## Problem requirements
Reproduce exactly, from the data that follows, the line with "Woman holding a", the line with "Woman running under NYC bridge.", and every line that lies between them.

## Records supplied
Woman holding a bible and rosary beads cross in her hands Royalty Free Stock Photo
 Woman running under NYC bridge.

--

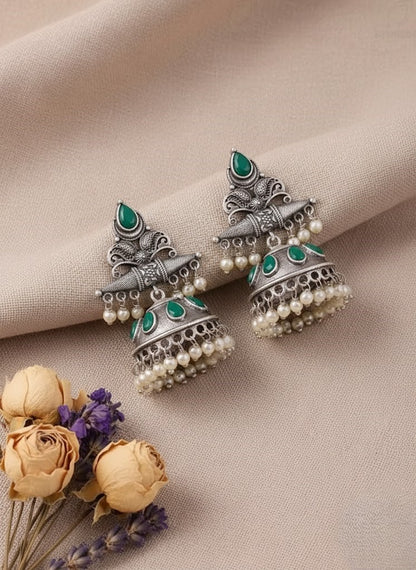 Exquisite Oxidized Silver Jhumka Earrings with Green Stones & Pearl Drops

## Result below
Woman holding a bible and rosary beads cross in her hands Royalty Free Stock Photo
 Woman running under NYC bridge.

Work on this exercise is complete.